TASK OBJECTIVE: Across the listing below, how many lines contain "page"? Answer with the number and nothing else.

-- -- --

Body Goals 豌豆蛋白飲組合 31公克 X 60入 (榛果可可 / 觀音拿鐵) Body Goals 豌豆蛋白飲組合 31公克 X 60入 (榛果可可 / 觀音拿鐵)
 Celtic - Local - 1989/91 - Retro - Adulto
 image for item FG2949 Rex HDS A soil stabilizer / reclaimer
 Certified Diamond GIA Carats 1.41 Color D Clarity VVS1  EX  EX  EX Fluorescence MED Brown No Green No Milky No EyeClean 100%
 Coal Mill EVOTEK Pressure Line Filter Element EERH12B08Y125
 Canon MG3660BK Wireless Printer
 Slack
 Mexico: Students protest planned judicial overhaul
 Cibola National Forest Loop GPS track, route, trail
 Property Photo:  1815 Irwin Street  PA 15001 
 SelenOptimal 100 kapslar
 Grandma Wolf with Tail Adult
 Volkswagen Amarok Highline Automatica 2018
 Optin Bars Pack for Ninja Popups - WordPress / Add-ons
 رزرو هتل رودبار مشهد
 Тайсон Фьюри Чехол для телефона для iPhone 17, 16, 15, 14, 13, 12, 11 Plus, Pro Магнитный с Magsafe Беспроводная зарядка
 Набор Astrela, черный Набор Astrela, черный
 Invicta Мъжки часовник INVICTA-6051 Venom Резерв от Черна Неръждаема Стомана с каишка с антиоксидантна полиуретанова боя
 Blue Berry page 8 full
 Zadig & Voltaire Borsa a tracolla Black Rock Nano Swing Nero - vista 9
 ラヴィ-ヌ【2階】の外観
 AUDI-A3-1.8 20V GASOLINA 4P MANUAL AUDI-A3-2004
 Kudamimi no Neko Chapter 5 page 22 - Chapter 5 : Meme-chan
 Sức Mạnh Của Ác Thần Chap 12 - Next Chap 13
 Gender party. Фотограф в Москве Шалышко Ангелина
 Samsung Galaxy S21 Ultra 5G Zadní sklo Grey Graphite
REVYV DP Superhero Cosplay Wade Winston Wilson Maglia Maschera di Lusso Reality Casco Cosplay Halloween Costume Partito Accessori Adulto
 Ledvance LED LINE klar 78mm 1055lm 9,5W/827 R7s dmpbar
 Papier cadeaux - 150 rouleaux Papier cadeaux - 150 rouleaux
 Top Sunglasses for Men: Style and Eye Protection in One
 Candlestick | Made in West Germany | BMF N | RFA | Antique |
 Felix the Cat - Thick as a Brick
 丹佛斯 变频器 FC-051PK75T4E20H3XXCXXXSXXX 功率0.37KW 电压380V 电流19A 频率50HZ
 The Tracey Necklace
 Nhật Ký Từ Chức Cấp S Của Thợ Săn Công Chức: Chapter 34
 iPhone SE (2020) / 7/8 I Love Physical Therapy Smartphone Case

-- -- --

PROBLEM SOLUTION: 2